Secondary data sources: Previous researches: I would use previous researches on how smart machines are affecting employment in Agriculture industry; official statistics: statistics published by government agencies or other public agencies on economic and social development and environment; Mass media products: data from media houses on development in the Agricultural and horticultural industry and how machinery is affecting employment in the industry; Government reports: the government publications and reports on Agricultural Industry and how smart machinery and Big Data is affecting employment; Web Information: searching the international network for data on Big Data and smart machinery and how they are affecting employment in Agricultural industry; Historical data and information: the history of smart machinery and Big data.

References

Bailey, R. (2013, February 8). Were the Luddites right? Smart machines and the prospect of technological unemployment. Reason, 45(1), 48.

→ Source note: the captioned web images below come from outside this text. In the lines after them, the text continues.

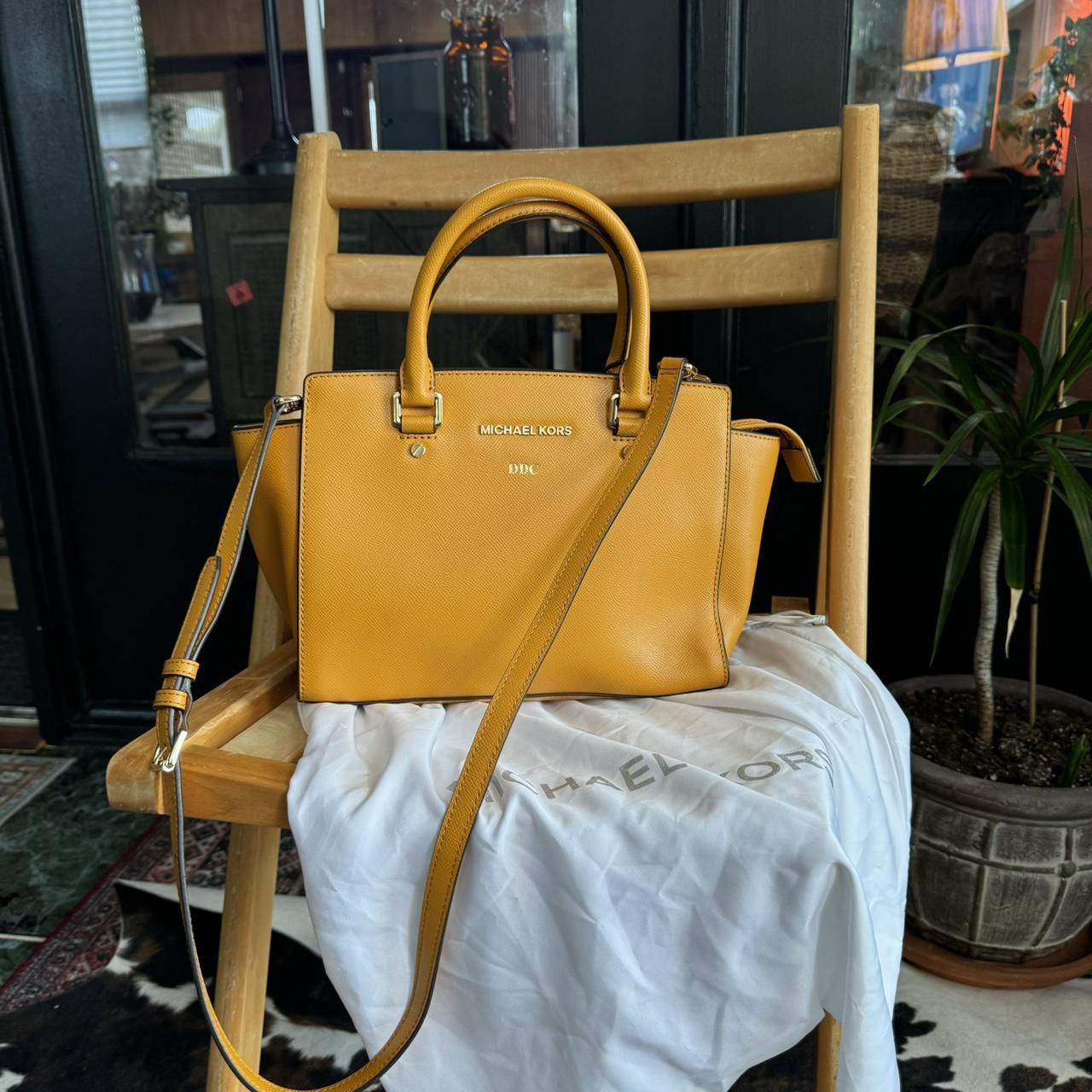 Michael kors selma yellow best sale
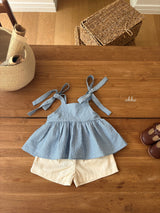 ［ohho］Pepper stripe camisole blouse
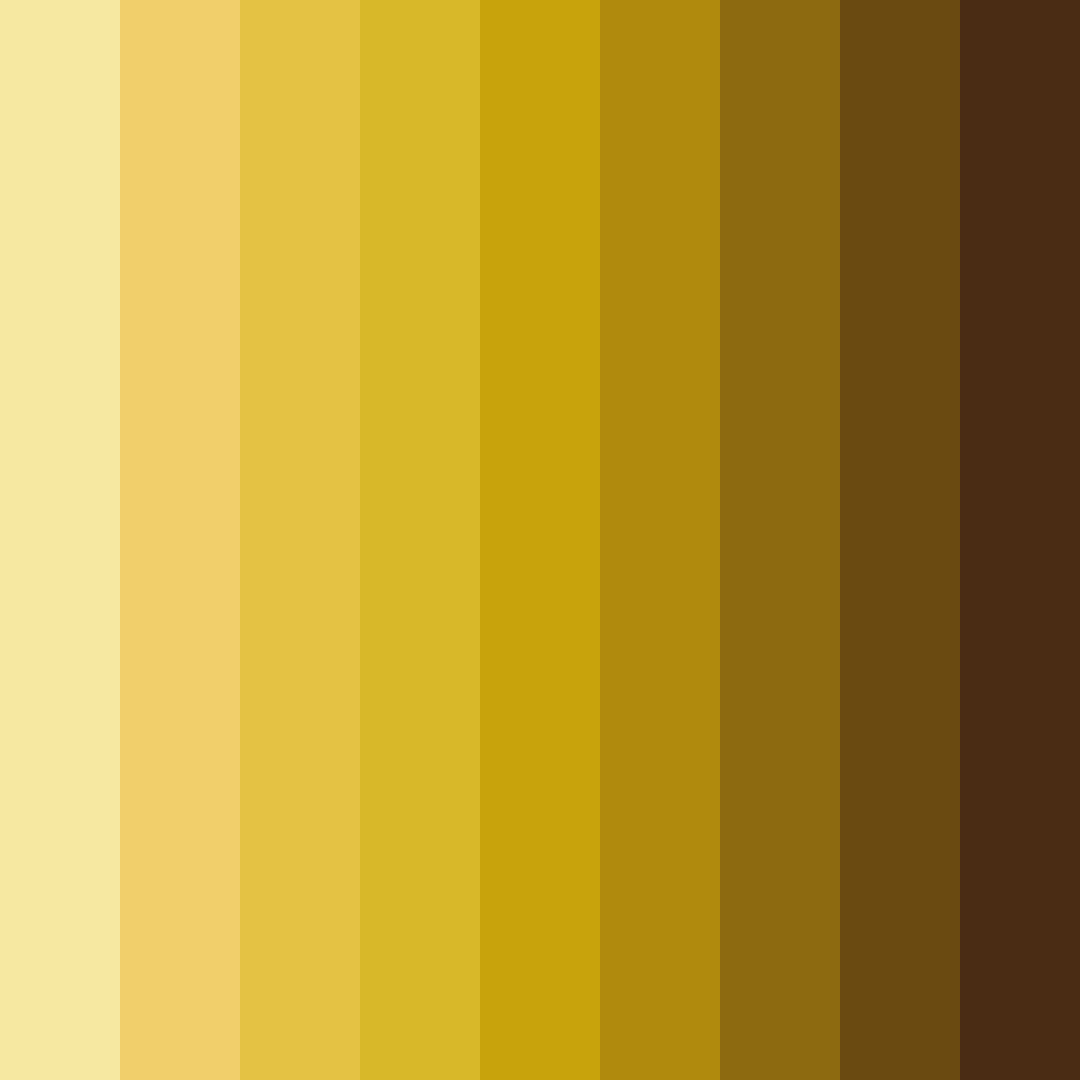Download narcissus bloom color palette PNG image (square)
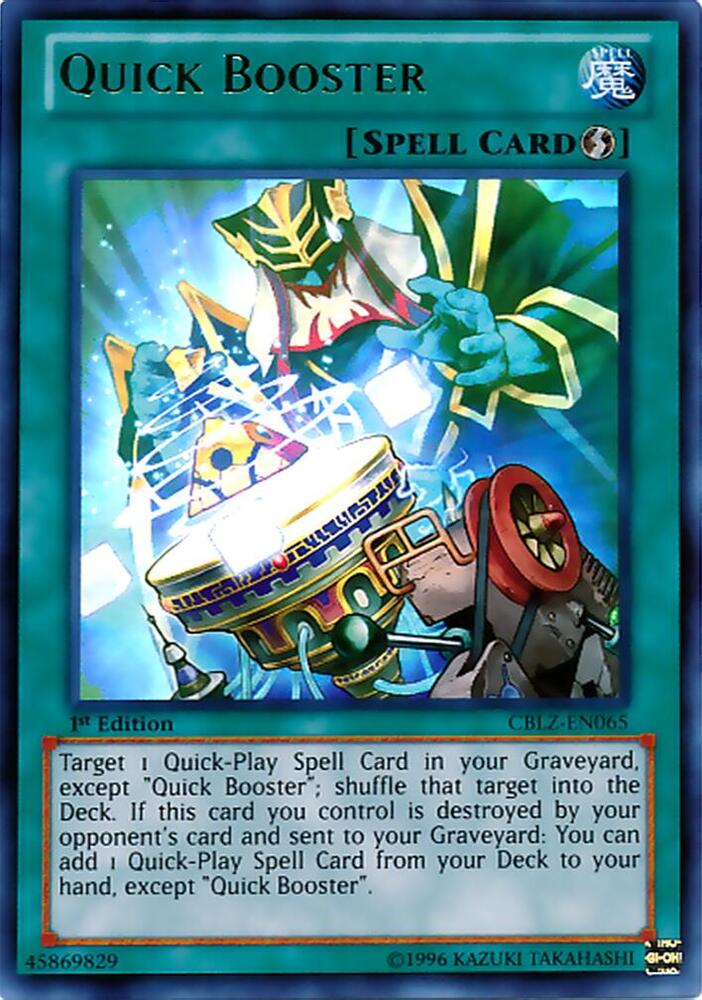 Quick Booster CBLZ-EN065 card from Cosmo Blazer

Brynjolfsson, E., & McAfee, A. (2012). Technology’s influence on employment and the economy. In Race against the machine: How the digital revolution is accelerating innovation, driving productivity, and irreversibly transforming employment and the economy (p. 10). Lexington, MA: Digital Frontier Press.

Grint, K., & Woolgar, S. (2013). The machine at work: Technology, work and organization. John

Wiley & Sons.

Sachs, J. D., & Kotlikoff, L. J. (2012). Smart machines and long-term misery (No. w18629).

National Bureau of Economic Research.

Hart, M. (2013). Educating cheap labour’r. The learning society: Challenges and trends, 96.